--- Records for this task Enclosed Below ---

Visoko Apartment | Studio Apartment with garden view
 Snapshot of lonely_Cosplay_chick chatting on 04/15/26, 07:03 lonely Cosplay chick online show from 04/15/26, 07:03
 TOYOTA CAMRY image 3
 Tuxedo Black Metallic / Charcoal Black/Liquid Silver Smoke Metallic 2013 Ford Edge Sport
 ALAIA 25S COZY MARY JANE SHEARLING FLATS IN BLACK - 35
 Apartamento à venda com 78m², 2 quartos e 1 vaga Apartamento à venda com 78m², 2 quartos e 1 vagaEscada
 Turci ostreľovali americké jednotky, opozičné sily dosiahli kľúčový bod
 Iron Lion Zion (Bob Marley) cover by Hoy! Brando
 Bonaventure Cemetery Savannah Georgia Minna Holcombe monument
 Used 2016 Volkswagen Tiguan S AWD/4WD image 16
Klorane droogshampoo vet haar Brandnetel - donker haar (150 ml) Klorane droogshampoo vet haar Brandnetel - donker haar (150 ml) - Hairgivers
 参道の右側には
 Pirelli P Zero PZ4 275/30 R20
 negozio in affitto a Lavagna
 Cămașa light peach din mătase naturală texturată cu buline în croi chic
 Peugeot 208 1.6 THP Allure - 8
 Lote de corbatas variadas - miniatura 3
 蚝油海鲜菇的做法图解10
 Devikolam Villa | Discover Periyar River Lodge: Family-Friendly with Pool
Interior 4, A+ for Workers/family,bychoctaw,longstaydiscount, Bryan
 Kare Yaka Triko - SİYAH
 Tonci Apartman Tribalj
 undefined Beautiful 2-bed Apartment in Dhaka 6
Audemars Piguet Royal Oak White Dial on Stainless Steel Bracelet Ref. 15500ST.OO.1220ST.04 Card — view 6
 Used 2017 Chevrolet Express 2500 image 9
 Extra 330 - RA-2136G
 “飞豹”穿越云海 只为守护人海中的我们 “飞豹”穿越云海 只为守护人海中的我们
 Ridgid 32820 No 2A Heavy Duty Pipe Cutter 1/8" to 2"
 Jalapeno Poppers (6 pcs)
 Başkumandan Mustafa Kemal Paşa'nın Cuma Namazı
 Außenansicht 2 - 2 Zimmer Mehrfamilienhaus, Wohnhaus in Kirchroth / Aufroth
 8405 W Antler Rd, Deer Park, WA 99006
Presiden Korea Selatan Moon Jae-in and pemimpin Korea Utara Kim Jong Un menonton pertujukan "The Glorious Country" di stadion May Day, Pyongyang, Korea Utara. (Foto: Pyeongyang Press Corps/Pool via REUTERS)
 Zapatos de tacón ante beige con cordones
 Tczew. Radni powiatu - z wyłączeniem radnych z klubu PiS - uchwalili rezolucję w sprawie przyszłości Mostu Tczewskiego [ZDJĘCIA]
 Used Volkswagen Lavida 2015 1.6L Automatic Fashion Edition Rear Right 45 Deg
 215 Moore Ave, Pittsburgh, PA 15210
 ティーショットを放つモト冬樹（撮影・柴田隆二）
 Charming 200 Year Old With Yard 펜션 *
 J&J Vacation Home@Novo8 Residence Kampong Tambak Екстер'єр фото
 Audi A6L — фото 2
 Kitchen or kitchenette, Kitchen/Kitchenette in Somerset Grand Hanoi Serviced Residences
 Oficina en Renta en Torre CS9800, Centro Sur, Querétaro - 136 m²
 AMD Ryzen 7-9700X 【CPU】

--- End of Enclosed Records for this task ---

How to complete this task - Set every line down again exactly. Begin with the first line of the entries and finish with the line containing "negozio in affitto a Lavagna".

Solution -
Visoko Apartment | Studio Apartment with garden view
 Snapshot of lonely_Cosplay_chick chatting on 04/15/26, 07:03 lonely Cosplay chick online show from 04/15/26, 07:03
 TOYOTA CAMRY image 3
 Tuxedo Black Metallic / Charcoal Black/Liquid Silver Smoke Metallic 2013 Ford Edge Sport
 ALAIA 25S COZY MARY JANE SHEARLING FLATS IN BLACK - 35
 Apartamento à venda com 78m², 2 quartos e 1 vaga Apartamento à venda com 78m², 2 quartos e 1 vagaEscada
 Turci ostreľovali americké jednotky, opozičné sily dosiahli kľúčový bod
 Iron Lion Zion (Bob Marley) cover by Hoy! Brando
 Bonaventure Cemetery Savannah Georgia Minna Holcombe monument
 Used 2016 Volkswagen Tiguan S AWD/4WD image 16
Klorane droogshampoo vet haar Brandnetel - donker haar (150 ml) Klorane droogshampoo vet haar Brandnetel - donker haar (150 ml) - Hairgivers
 参道の右側には
 Pirelli P Zero PZ4 275/30 R20
 negozio in affitto a Lavagna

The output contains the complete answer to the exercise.